Its strange. The biggest lesson I learned was almost the opposite: I learned that the meaning of life has nothing to do with other people or their estimation of me. It has more to do with who you are when there is nobody else around. Other people often act as a sort of fun house mirror that distort and reflect back a false image.
Learning to be happy alone and seeing through the pleasant lies is absolutely vital to becoming an adult.
We also ultimately derive pretty much everything we most value in life from our interactions with other lives, which is why I think it's so important to develop high-trust relationships with at least one or two other people so we can continue to grapple with the fact that we all have different perspectives, weaknesses and strengths and can usually learn more and get significantly more things done when we cooperate than when we're running solo. Which requires trust.
YMMV, of course. Some people can go build a cabin in the woods and live off the land and spend all their free time meditating and be perfectly happy. But that's not most of us. And even those people eventually get too old to keep taking care of themselves.
Management claims to want to understand and fix the problem, and their "fixes" reveal the real problems. Fix 1 - schedule a lot of group meetings for twice a week. After week 1, management drops off and fails to show up anymore for most of them. The meetings go off track. The answer? More meetings!
We now have that meeting daily. And have even less attendance.
Fix 2 - we don't know what people are doing, let's create dashboards. A slapdash, highly incorrect and problematic dashboard is created. It doesn't matter, because none of the managers ever checks the dashboard. The big boss hears we are still behind, and commandeers a random product person to be his admin assistant and has her maintain several spreadsheets in semi-secret tracking everyone's progress.
This semi-secret spreadsheet becomes non-secret and people find a million and one problems with it (not surprising as the commandeered admin assistant nee product person was pulling the data from all sorts of random areas with little direction with little coordination with others). We then have the spreadsheet war of various managers having their own spreadsheets.

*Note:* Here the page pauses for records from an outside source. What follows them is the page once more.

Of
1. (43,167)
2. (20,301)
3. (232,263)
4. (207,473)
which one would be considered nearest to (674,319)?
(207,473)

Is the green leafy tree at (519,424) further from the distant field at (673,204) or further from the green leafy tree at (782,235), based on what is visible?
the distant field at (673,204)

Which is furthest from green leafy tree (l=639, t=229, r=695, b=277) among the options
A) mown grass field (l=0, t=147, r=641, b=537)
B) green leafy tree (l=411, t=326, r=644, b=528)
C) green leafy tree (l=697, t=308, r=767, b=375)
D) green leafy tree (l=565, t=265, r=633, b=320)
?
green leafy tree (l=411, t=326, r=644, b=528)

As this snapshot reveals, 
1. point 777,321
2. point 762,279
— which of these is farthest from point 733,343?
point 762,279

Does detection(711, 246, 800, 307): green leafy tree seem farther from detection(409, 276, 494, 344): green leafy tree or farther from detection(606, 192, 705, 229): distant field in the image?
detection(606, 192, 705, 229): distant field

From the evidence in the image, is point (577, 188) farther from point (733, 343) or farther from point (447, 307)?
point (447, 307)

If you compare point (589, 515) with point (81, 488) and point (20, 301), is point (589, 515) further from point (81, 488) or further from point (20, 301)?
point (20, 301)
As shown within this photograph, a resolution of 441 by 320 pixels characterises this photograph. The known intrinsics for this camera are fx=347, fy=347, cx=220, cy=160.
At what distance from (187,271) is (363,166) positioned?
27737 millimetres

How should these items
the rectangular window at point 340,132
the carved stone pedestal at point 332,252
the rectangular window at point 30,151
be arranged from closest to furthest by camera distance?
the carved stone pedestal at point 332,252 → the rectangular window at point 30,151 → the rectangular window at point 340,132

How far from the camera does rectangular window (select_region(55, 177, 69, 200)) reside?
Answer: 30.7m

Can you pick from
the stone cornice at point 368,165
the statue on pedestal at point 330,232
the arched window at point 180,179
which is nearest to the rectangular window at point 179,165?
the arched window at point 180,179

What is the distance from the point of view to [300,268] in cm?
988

Fix 3 - we are going to have The Source of Truth for product intake and ongoing development, with a number of characteristics (and these are generally not terrible characteristics). These are handed off to a couple of junior people with no experience to implemented with zero feedback. The net result is we still don't have a Source of Truth, but more of an xkcd situation that now we have 4 or 5 sources of truth strung together with scripts, duct tape, bandaids and prayer.

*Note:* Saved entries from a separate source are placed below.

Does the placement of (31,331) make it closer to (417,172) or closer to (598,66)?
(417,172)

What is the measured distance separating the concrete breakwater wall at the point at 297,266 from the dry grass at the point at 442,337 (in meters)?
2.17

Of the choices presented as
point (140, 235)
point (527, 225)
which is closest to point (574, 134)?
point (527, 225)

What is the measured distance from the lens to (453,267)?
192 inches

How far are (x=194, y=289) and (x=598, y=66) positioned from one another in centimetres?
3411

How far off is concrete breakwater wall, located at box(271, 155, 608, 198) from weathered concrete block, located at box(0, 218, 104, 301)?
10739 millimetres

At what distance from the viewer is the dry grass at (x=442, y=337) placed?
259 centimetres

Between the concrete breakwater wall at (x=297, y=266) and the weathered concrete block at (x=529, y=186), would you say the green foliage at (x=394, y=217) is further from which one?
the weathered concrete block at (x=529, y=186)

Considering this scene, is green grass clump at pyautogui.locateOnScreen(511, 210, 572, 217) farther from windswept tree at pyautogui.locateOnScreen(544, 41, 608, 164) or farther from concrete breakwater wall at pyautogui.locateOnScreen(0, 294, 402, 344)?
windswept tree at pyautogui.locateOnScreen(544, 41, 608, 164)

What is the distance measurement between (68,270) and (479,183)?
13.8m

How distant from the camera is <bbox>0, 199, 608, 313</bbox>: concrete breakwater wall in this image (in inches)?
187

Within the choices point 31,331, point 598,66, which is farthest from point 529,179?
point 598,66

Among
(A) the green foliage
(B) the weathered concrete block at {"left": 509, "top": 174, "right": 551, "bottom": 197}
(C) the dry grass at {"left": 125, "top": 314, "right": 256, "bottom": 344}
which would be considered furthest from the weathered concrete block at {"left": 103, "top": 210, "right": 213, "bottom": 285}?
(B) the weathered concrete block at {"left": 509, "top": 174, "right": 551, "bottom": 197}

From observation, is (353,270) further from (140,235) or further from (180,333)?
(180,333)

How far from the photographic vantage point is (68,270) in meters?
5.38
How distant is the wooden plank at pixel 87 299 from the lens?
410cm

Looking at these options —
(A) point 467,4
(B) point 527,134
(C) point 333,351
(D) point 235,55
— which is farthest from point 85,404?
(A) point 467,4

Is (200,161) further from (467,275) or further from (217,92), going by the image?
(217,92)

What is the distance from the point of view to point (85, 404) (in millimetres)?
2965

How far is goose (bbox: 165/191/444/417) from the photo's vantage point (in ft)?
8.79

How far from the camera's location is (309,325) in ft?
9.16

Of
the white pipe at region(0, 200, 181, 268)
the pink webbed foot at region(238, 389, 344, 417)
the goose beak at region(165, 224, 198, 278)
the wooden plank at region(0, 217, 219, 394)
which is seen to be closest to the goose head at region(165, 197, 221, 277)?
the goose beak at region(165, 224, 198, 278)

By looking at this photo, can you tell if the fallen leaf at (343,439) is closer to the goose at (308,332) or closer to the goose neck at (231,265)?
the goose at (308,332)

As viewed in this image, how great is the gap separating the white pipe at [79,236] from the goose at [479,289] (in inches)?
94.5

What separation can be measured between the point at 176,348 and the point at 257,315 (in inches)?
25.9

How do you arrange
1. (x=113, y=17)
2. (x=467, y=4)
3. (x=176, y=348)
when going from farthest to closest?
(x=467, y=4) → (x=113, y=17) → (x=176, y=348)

This continues on and on over years. Ideas are put forth, some good, some bad, some indifferent, but none of them matter because the leaders lack the ability to followup or demonstrate even basic understanding of what our group actually does.
It is truly soul crushing, but in this jobs environment, what are you going to do?
Peak absurdity, yet you and I have both seen it happen first hand. I wonder how common it is, because it's as ugly as it is mystifying.
When management isn't properly engaged, they need to delegate to someone who is. If neither things happen, it's just chaos and angry, ignorant apes making a lot of noise.
> in this jobs environment, what are you going to do?
I am currently unemployed with a rapidly shrinking cushion, and I'm honestly on the fence as to whether putting up with the above would be better. If there is no hope for improvement, all you're doing is exchanging your mental health for a few more beans.